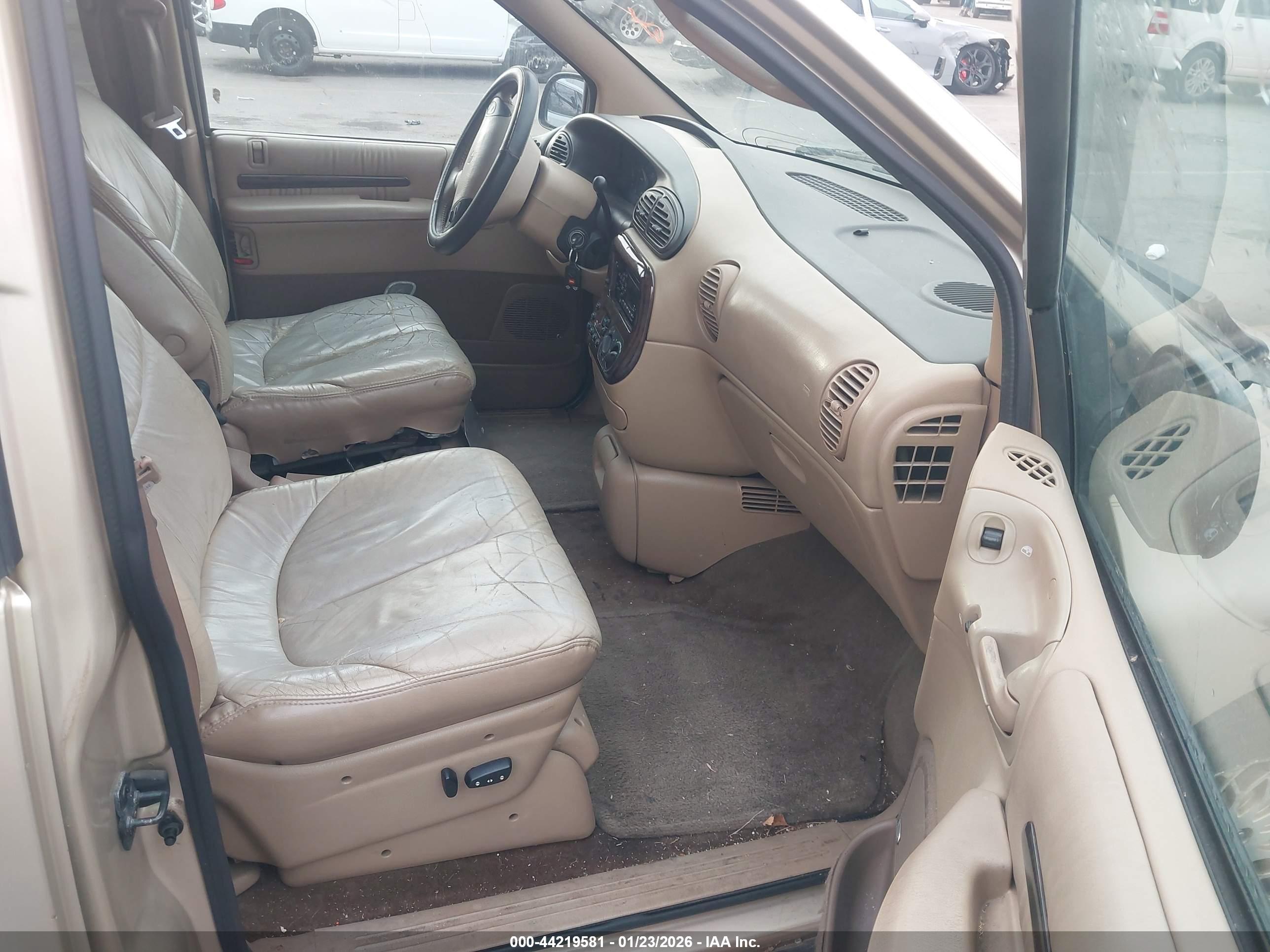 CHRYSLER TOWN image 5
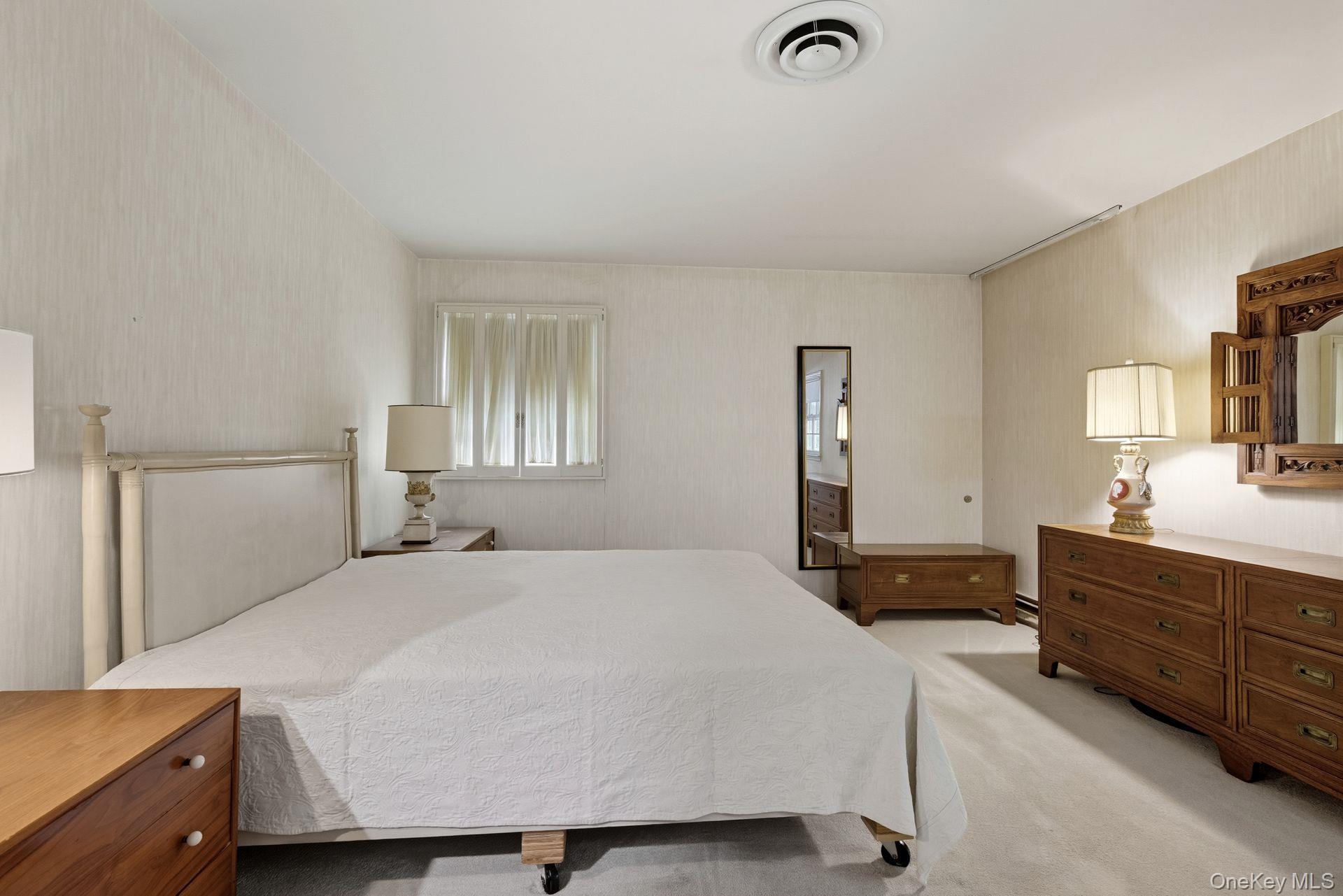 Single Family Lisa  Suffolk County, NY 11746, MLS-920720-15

□ □ □

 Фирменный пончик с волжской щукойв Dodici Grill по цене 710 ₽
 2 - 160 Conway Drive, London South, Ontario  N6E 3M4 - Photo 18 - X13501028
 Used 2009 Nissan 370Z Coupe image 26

□ □ □

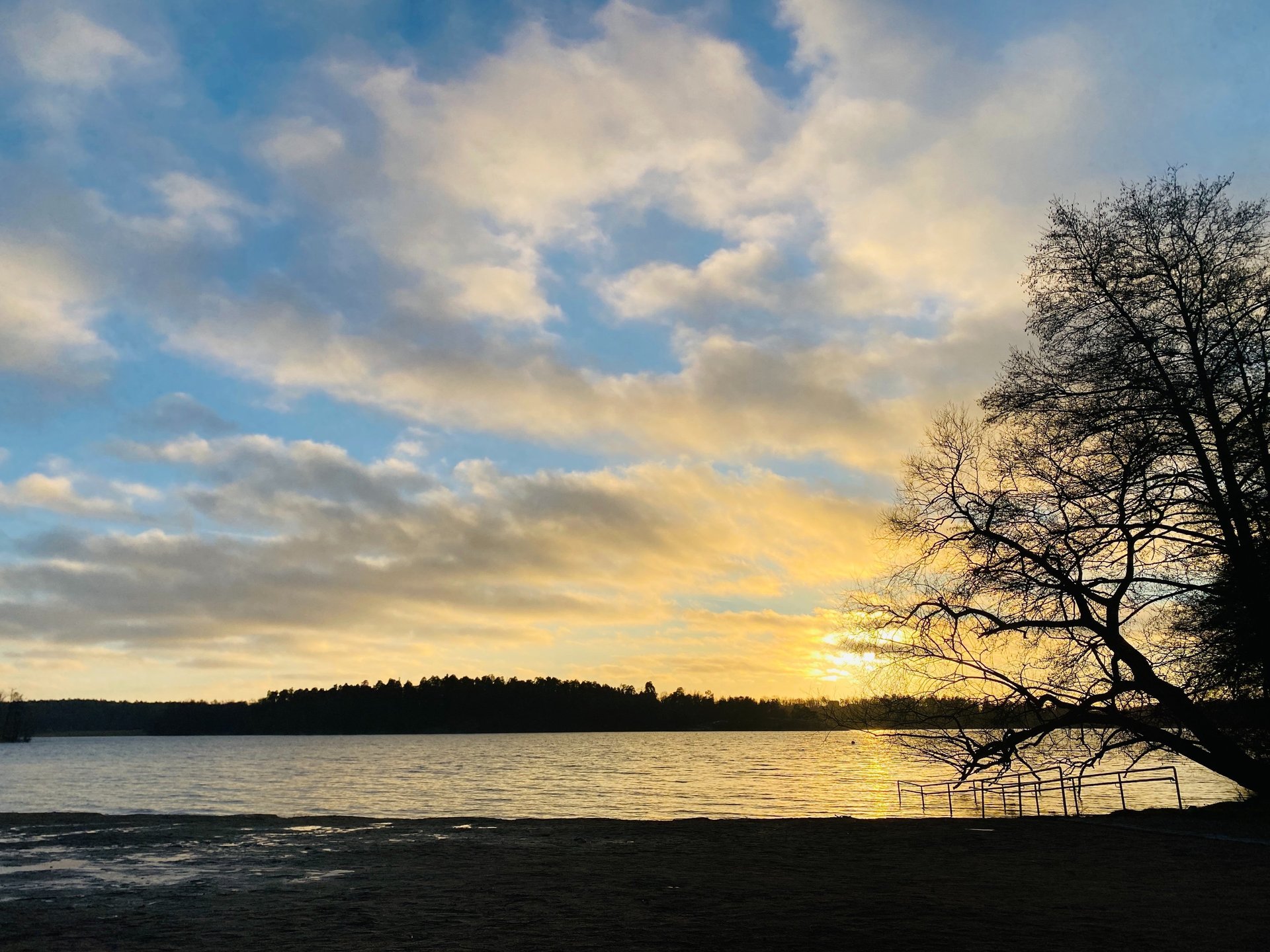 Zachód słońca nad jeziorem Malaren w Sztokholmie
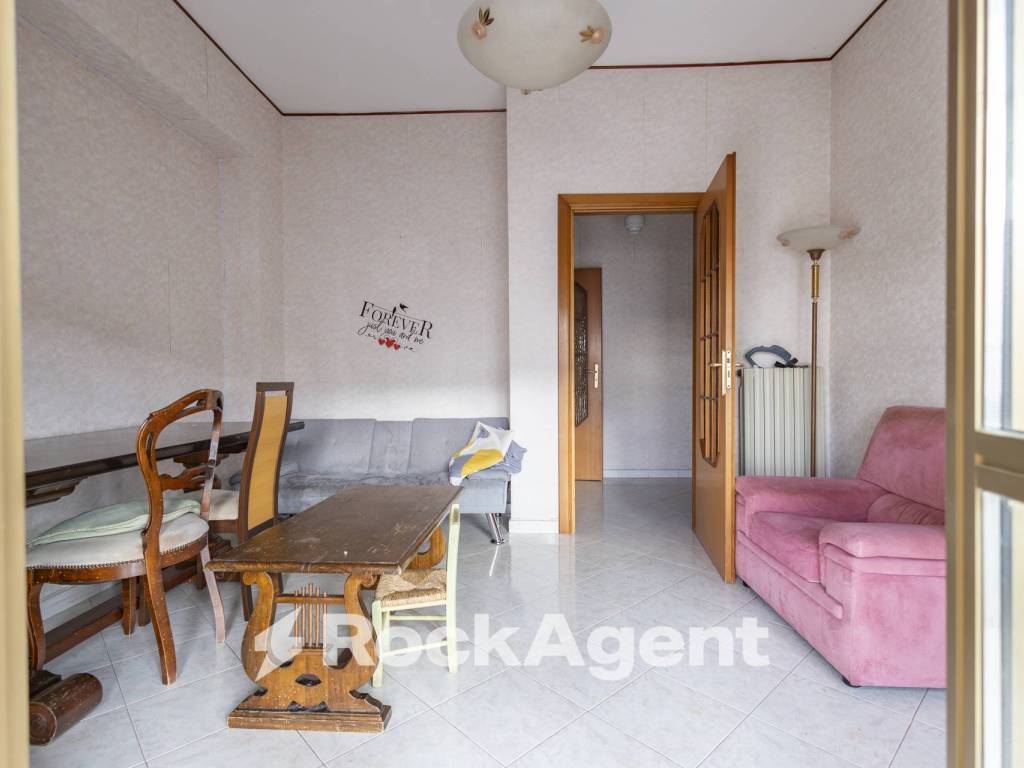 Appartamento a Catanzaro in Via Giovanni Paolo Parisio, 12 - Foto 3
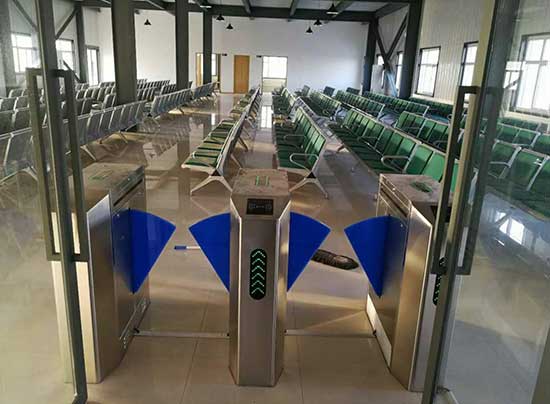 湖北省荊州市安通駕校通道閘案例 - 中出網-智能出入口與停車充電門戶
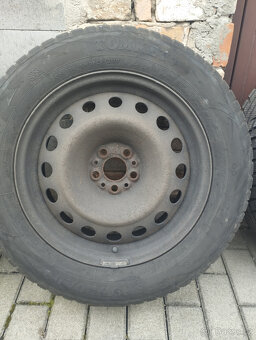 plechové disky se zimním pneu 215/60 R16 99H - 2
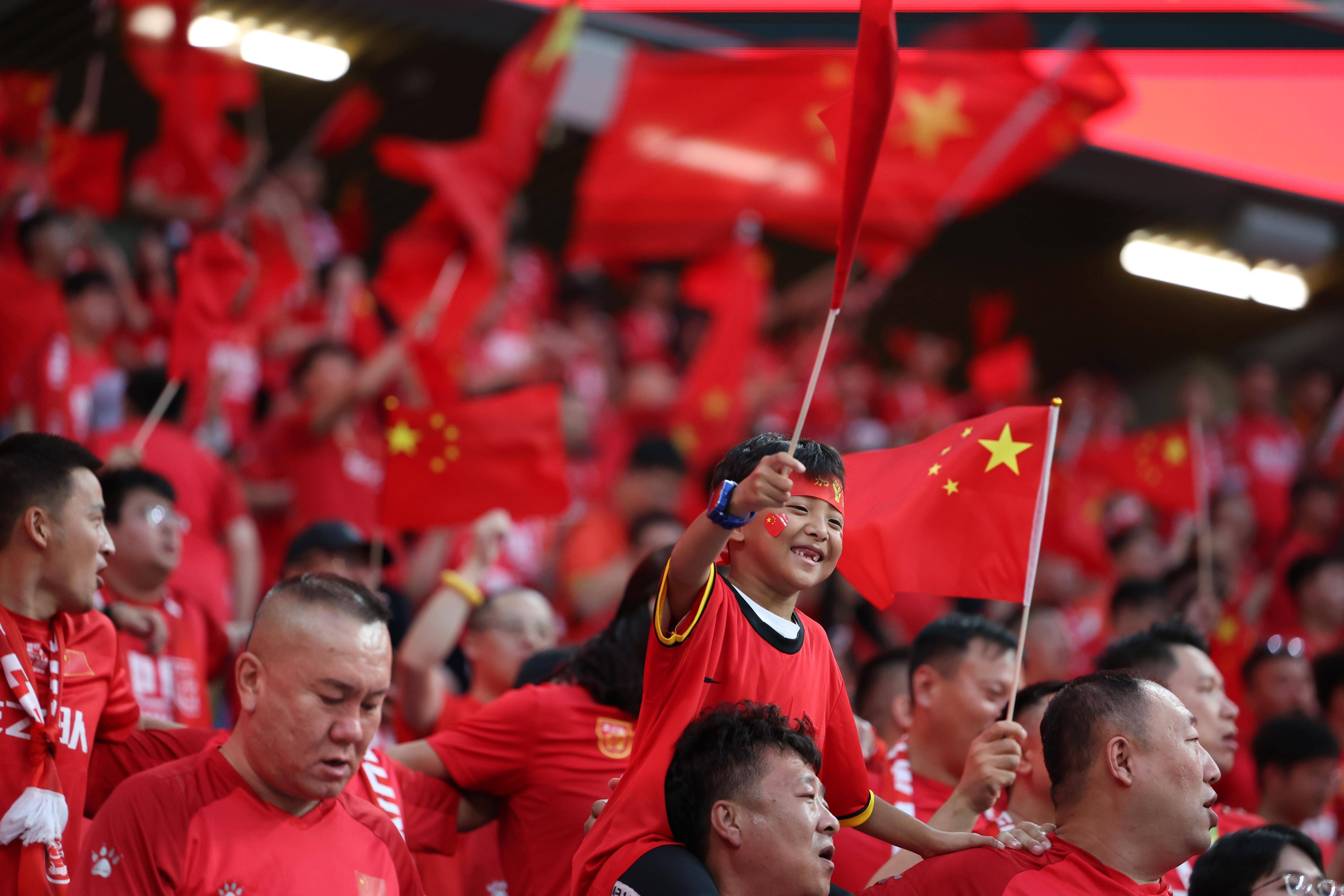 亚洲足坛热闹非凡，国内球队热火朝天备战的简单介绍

□ □ □

About this task:
Please transcribe exactly the part of the records that opens with the line containing "CHRYSLER TOWN image 5" and closes with the line containing "Single Family Lisa", both ends included, and leave out the pictures.

Response area:
 CHRYSLER TOWN image 5
 Single Family Lisa  Suffolk County, NY 11746, MLS-920720-15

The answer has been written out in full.